◆ **DATA FOR ANALYSIS**:
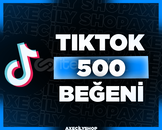 ⭐️[GARANTİLİ]⭐️ 500 Beğeni | TikTok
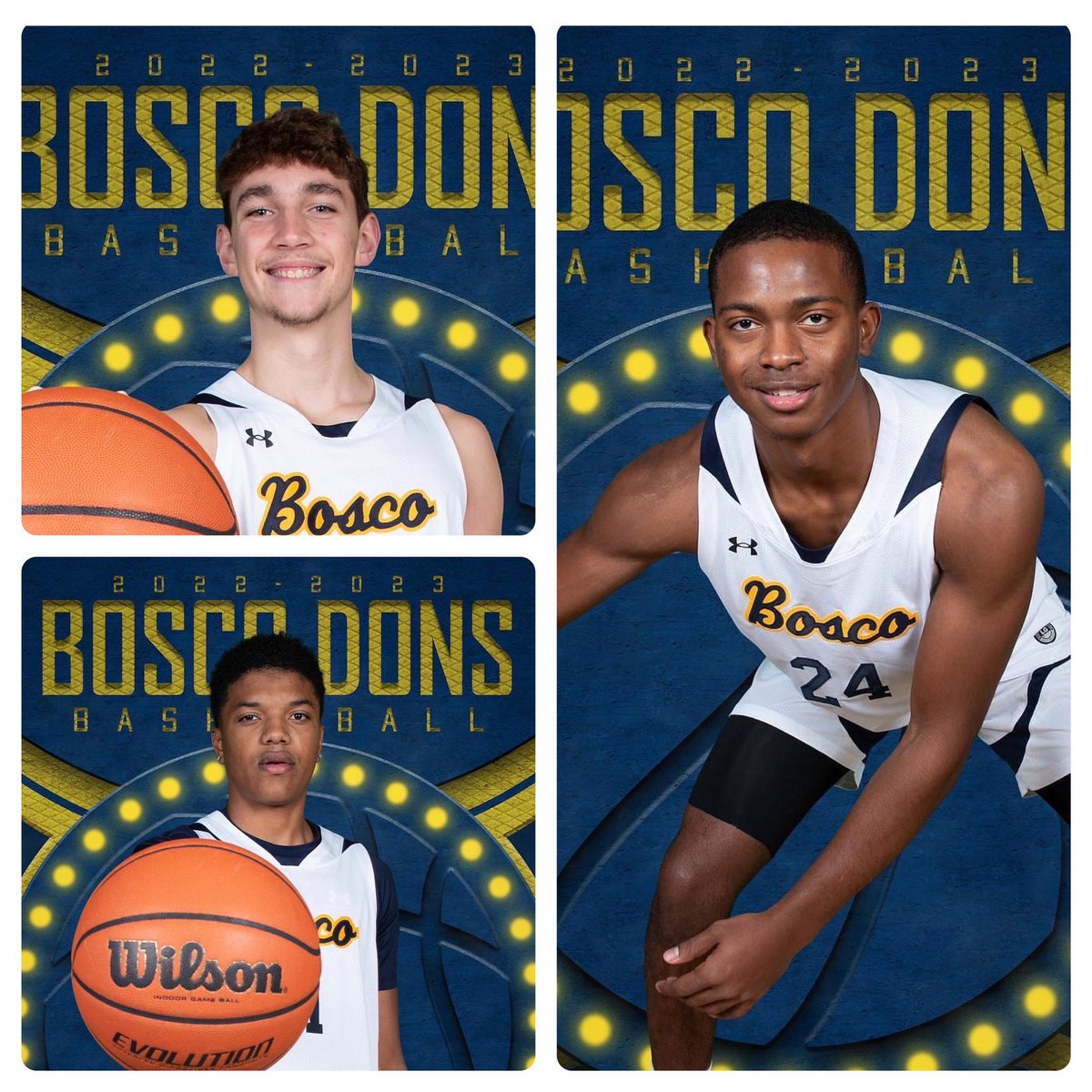 The Dons with a 75-61 win over Chicago Bogan today! Great TEAM win as all 7  healthy players grinded out  a tough win over a good Chicago public league team that is 11-4.
Marquis Smith  lead us in scoring with 20 points.
Bakari Nelson added 19 points.
Preston Saia with 18 points.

◆ **EXERCISE DETAILS**: Reproduce the data exactly as it appears above. Pictures are to be left out.

◆ **WRITTEN RESPONSE**:
 ⭐️[GARANTİLİ]⭐️ 500 Beğeni | TikTok
 The Dons with a 75-61 win over Chicago Bogan today! Great TEAM win as all 7  healthy players grinded out  a tough win over a good Chicago public league team that is 11-4.
Marquis Smith  lead us in scoring with 20 points.
Bakari Nelson added 19 points.
Preston Saia with 18 points.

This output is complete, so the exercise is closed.